The government plan to offer a replacement to the current “stravenky,” or lunch ticket system in 2021 has its opponents. The Union of Employer’s Unions (UNIE) has funded a study that brings up large possible drains on the state budgets. The study shows that the state could lose over 20 billion CZK to the new program. Other unions consider the results of the study to be realistic, for example the transport or industry unions.

The Ministry of Finance argues that the methodology of the calculation is flawed, and the state calculates that the program could bring a loss of about 2 billion CZK. The government is planning to launch an alternative to the current lunch ticket system by offering employers to simply give the employees a tax-free daily amount on their monthly wage payments. The reason for the new option is that the oligopoly of the lunch ticket companies charge high commission rates. The estimated hundreds of millions of Crowns in profits are mostly sent out of the country.

The main argument from the group against the new option is that companies and employees will use the program to increase their salaries and payments without proper taxation and surcharge’s attached. In addition, there will be many employers who currently use the tickets and will switch to the flat rate option. Both of these issues will cost the state an estimated 11 and 8.6 billion Crowns a year respectively.

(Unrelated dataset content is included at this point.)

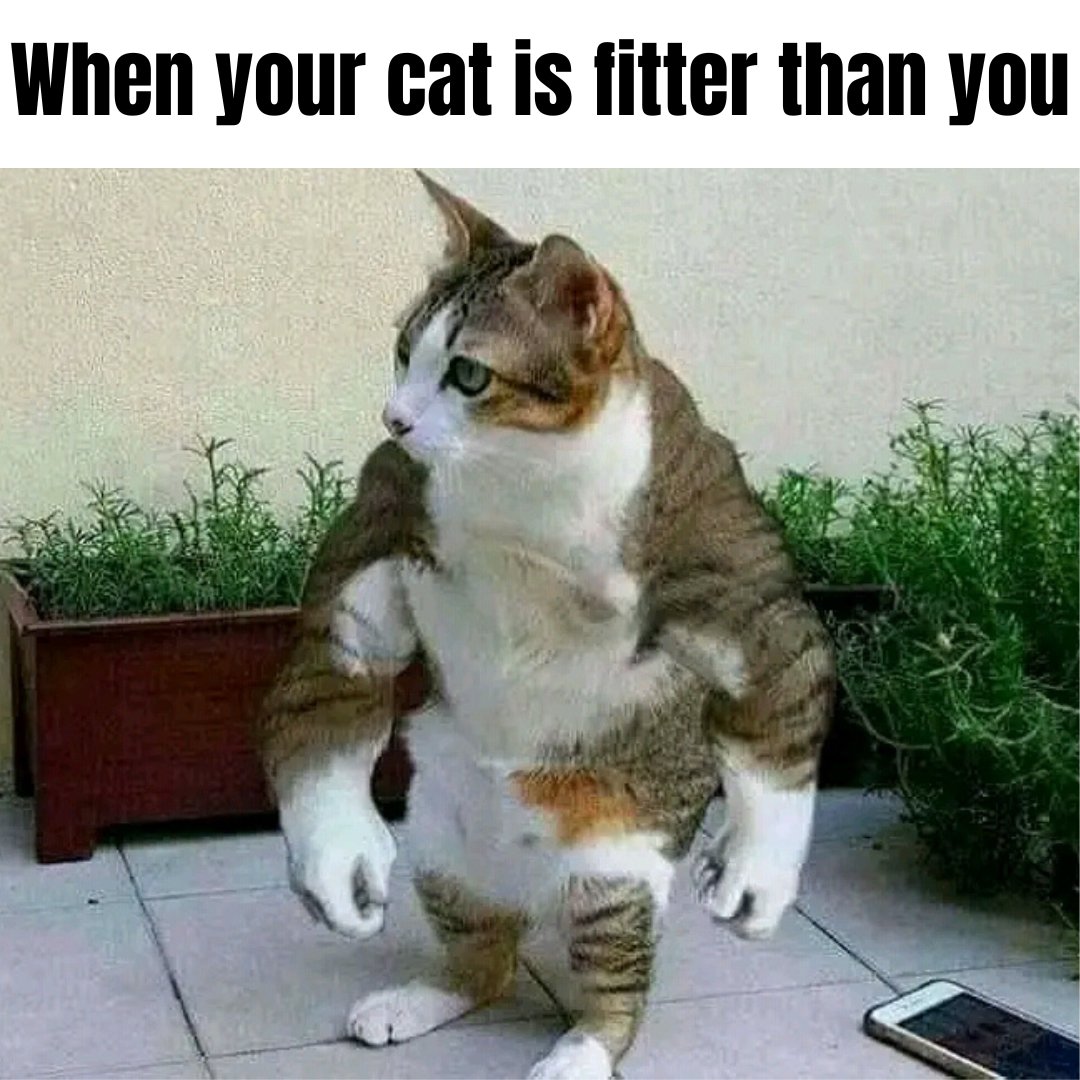 Iwantthatcat's tweet photo. Nice Meow-cles puchy💪😹😹😹
#Cathulk #fitness https://t.co/G4Zbo7Cxue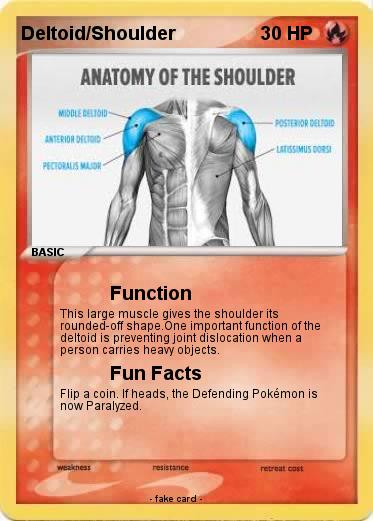 Pokemon Deltoid/Shoulder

There will be a daily limit, similar to current lunch ticket options. And currently there are many employers who frown upon the costs and administration of the current system. For the self-employed population it is not realistic to take advantage of the tax breaks on lunch tickets for example.

Opinion: Perhaps the Union of Employers should focus on the benefits of the new option in 2021 for business, especially small business. Also, the potential for lower income individuals to have an opportunity to increase their take home pay if their current employer does not offer lunch tickets. Many employers cannot use the current system due to the prohibitive costs and administration.

In larger companies, the flat-rate system could free up labour to invest in more profitable enterprises, such as developing business. The Czech Republic is often debating how to increase productivity and steps such as simplification, rather than trying to push a subsidized food program on the population, is a step in the right direction.